When exactly it happened is hard to decide, in England probably during the 1920s, though earlier in France, but plays that treated adultery as a tragedy were superseded by others that found it an inexhaustible subject for comedy. After that turning point few playwrights explored the pains and grief of jealousy.

So when The Real Thing was premiered in 1982, Tom Stoppard's rigorous demonstration that adultery hurts was received by some critics as a revelation. One patronising response was surprise that this wittily word-spinning author was able to convey feelings, but a more creditable reaction was admiration that a modern play could again treat the matter as, so to speak, a real thing.

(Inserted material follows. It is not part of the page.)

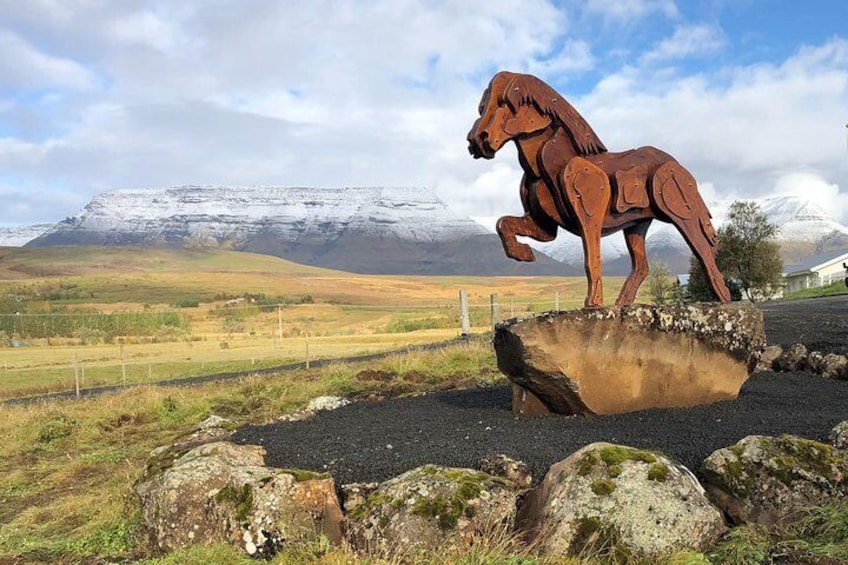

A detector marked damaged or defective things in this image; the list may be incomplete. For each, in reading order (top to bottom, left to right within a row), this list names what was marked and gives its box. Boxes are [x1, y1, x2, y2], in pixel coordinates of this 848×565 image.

rusted metal horse sculpture [468, 73, 732, 308]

David Leveaux's acclaimed revival last year at the Donmar has now been restaged on the vaster stage of the Albery, prior to a Broadway transfer. The greater height, depth and width of the new space does his production no favours, and the bleakly grey panels of Vicki Mortimer's design go further in emphasising the empty air around the actors. Some of the time this scarcely matters, for the emotions rippling and then ripping through the characters occupy our close attention, but now and then the puzzling plainness of the background is a worry. Unless, of course, it is decorated to look undecorated, Mortimer's setting is calculated to express visually the cunning theatrical tricks played by Stoppard's writing.

In the first scene we see a husband wittily and coolly implying that his wife must have been unfaithful because, though she said she was off on a business trip to Switzerland, he has found her passport lying in a kitchen drawer. But in the scene that follows we discover that these are actors, performing in a play written by Henry (Stephen Dillane). The stage wife (Sarah Woodward, excellent) is his own wife, and the real wife (Jennifer Ehle) of the stage husband (Nigel Lindsay) has embarked on an affair with Henry.

Cue for clever contrasts between stage and reality? Yes and no. What happens to Henry and Charlotte, once their love becomes publicly known, bears odd similarities to what Henry imagined in his play. It is the feelings that have changed. In fact, feeling is what has arrived inside Henry. Where before he has seemed impervious to anger and the terrors of desertion, now these are more real to him than anything else in his experience. In truth, they are the real thing.

Stoppard sets this central issue amid a shrewdly chosen variety of other contrasts - good writing and bad, Bach's Air on a G String and Procul Harum's A Whiter Shade of Pale (which share the same theme) for example. Vitally, the pain that can accompany love's joy is powerfully demonstrated for us by Dillane and Ehle in the central roles.

Dillane has that rare gift of suggesting he is creating his thoughts for the first time, hitting on verbal quirks as new to him as to us. Hitting himself on his pain too, as confirmed by the gradual ravaging of his face. Ehle's vocal precision and air of fierce attention go with her luminous beauty to create an object of love as passionate and real as her lover.

This is a play in which Stoppard and his cast have brought the complexities of love and misunderstanding vividly before us.